In relation to the first period of delay, the tribunal is not satisfied that there are any grounds on which it should exercise its discretion to extend time.
The applicant has worked in the Civil Service for some 16 years, and has been a member of her union for a number of years. She is an intelligent, articulate woman. The tribunal does not accept that there was any good reason why she failed to take immediate steps to seek advice on her complaint from either her union representative, or line management. There was nothing to stop her doing so, and the tribunal concludes that the applicant took a conscious decision to do nothing until her temporary transfer ended and she was faced with returning to her original place of work.
In relation to the second period of delay, Mr Rosbotham explained to the tribunal that it is the union's normal policy to lodge a 'protective originating application', even where attempts are being made to resolve matters internally. This was not done in this case.

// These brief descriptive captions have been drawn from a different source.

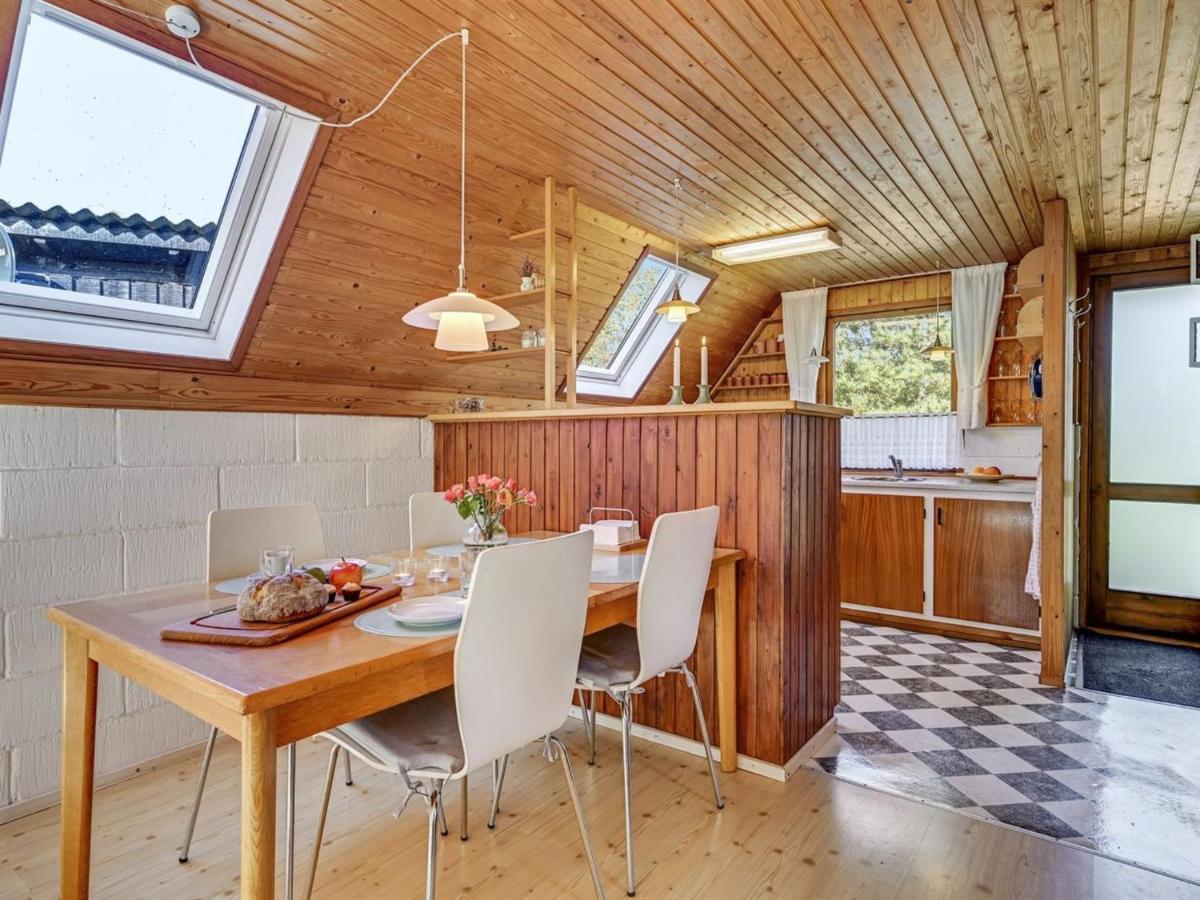 Holiday Home Indira - 500M From The Sea In Djursland And Mols By Interhome Orsted  Luaran gambar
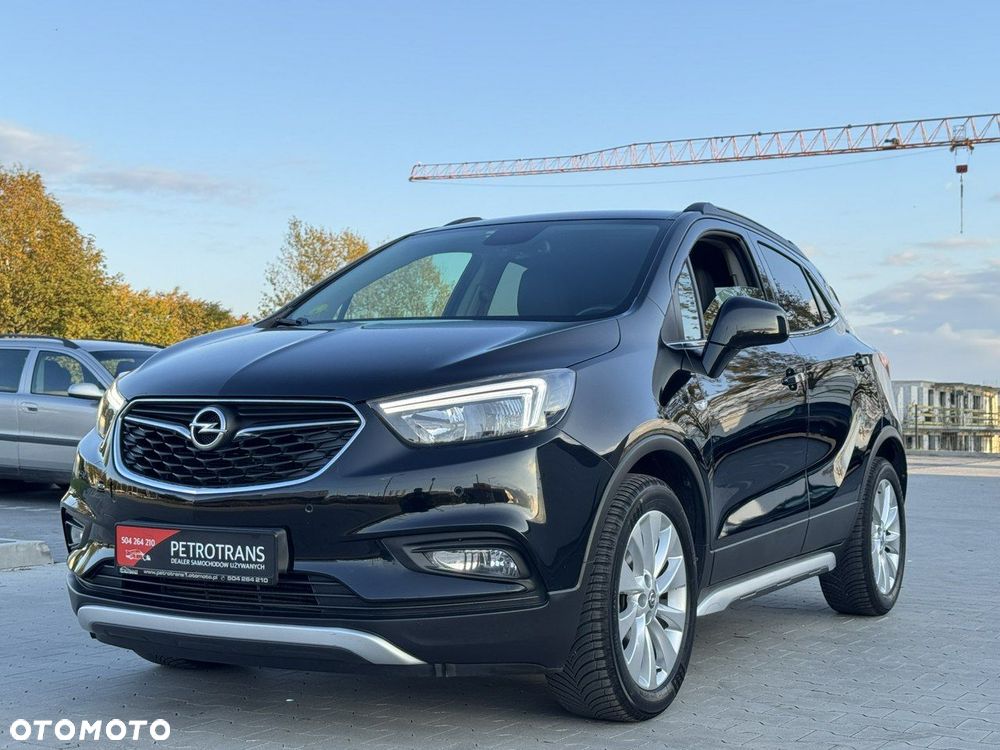 Opel Mokka 1.6 CDTI Cosmo S&S - 6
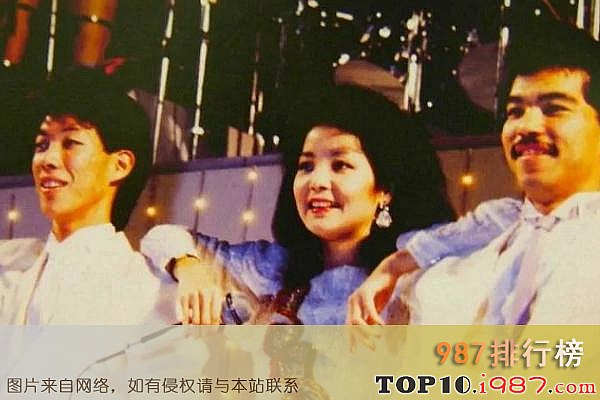十大邓丽君经典歌曲之何日君再来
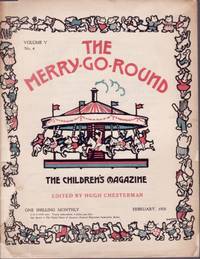 image of The Merry-Go-Round the Children's Magazine Volume V No. 4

Mr Rosbotham explained that the applicant was content to allow her complaints to be resolved internally, and in any event the claim was already out of time when the applicant sought his advice. The applicant confirmed that she only decided to issue proceedings when the outcome of the investigation was not satisfactory.
In the tribunal's view, given that the events of which the applicant complained occurred in 1998, and indeed the events leading to the overtime complaint occurred even earlier, there is no good reason why the applicant delayed in lodging proceedings between May 2000 and April 2001. The applicant was advised by an experienced union representative, and there was no suggestion by the applicant that she had been wrongly advised. In all the circumstances therefore the tribunal is not satisfied that the time for lodging proceedings against the first and second respondents should be extended.
"The decision made by Social Security Agency Personnel was not in my favour despite overwhelming evidence which had been made available to me and to that end I believe the investigation was not properly conducted."
The respondent objected to this aspect of the claim being allowed to proceed even though it is within time, because when the applicant was ordered to give full and precise particulars of 'each and every act of discrimination alleged', she did not cite the investigation as a particular of discrimination. Mr Rosbotham explained that in drafting the replies to the Order he had assumed that it related solely to the allegations the applicant would be making about management, and that he did not consider including allegations about how the investigation had been conducted. He did however rely on the fact that the complaint was clearly referred to in the body of the originating application.
In addition, the tribunal notes that at Paragraph 12 of the application the application cites 1 February 2001 as being the date on which the matter of which she was complaining had happened.
This is the date on which she was notified of the decision of the investigating panel.
It is of course, unsatisfactory that the applicant failed to give full particulars of this matter in the reply to the tribunal's Order. However, the tribunal is satisfied, that it was an error on the part of Mr Rosbotham, and in view of the clear complaint about the conduct and outcome of the investigation contained in the originating application, the tribunal is satisfied that this was also intended to be a ground of sex discrimination.
The respondent concedes that the complaint about the investigation is within time.